Reproduce the listing below in its entirety. Change nothing.

(INPUT RECORDS begins)

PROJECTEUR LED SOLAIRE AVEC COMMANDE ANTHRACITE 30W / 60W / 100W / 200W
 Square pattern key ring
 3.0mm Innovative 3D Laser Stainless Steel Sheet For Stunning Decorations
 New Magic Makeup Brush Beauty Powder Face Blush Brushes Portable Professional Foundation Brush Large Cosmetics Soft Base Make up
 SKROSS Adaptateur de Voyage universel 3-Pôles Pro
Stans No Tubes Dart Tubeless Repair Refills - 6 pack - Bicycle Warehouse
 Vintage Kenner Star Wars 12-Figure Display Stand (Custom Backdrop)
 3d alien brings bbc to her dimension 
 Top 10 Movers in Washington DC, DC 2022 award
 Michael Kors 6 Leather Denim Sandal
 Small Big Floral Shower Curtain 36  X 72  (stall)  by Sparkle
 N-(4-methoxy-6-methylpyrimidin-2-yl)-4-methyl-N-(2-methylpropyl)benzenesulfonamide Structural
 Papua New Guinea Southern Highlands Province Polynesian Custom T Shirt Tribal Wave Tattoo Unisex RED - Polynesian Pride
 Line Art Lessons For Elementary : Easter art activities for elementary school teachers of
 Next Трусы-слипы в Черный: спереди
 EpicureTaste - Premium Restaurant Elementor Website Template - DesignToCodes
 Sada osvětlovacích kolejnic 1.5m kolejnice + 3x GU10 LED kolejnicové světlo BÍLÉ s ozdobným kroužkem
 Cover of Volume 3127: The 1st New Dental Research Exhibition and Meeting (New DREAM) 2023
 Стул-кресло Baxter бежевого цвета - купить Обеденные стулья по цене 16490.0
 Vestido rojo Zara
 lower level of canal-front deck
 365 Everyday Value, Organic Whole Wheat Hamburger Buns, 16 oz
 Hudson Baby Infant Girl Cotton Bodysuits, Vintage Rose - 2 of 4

(INPUT RECORDS ends)

FINAL ANSWER >>
PROJECTEUR LED SOLAIRE AVEC COMMANDE ANTHRACITE 30W / 60W / 100W / 200W
 Square pattern key ring
 3.0mm Innovative 3D Laser Stainless Steel Sheet For Stunning Decorations
 New Magic Makeup Brush Beauty Powder Face Blush Brushes Portable Professional Foundation Brush Large Cosmetics Soft Base Make up
 SKROSS Adaptateur de Voyage universel 3-Pôles Pro
Stans No Tubes Dart Tubeless Repair Refills - 6 pack - Bicycle Warehouse
 Vintage Kenner Star Wars 12-Figure Display Stand (Custom Backdrop)
 3d alien brings bbc to her dimension 
 Top 10 Movers in Washington DC, DC 2022 award
 Michael Kors 6 Leather Denim Sandal
 Small Big Floral Shower Curtain 36  X 72  (stall)  by Sparkle
 N-(4-methoxy-6-methylpyrimidin-2-yl)-4-methyl-N-(2-methylpropyl)benzenesulfonamide Structural
 Papua New Guinea Southern Highlands Province Polynesian Custom T Shirt Tribal Wave Tattoo Unisex RED - Polynesian Pride
 Line Art Lessons For Elementary : Easter art activities for elementary school teachers of
 Next Трусы-слипы в Черный: спереди
 EpicureTaste - Premium Restaurant Elementor Website Template - DesignToCodes
 Sada osvětlovacích kolejnic 1.5m kolejnice + 3x GU10 LED kolejnicové světlo BÍLÉ s ozdobným kroužkem
 Cover of Volume 3127: The 1st New Dental Research Exhibition and Meeting (New DREAM) 2023
 Стул-кресло Baxter бежевого цвета - купить Обеденные стулья по цене 16490.0
 Vestido rojo Zara
 lower level of canal-front deck
 365 Everyday Value, Organic Whole Wheat Hamburger Buns, 16 oz
 Hudson Baby Infant Girl Cotton Bodysuits, Vintage Rose - 2 of 4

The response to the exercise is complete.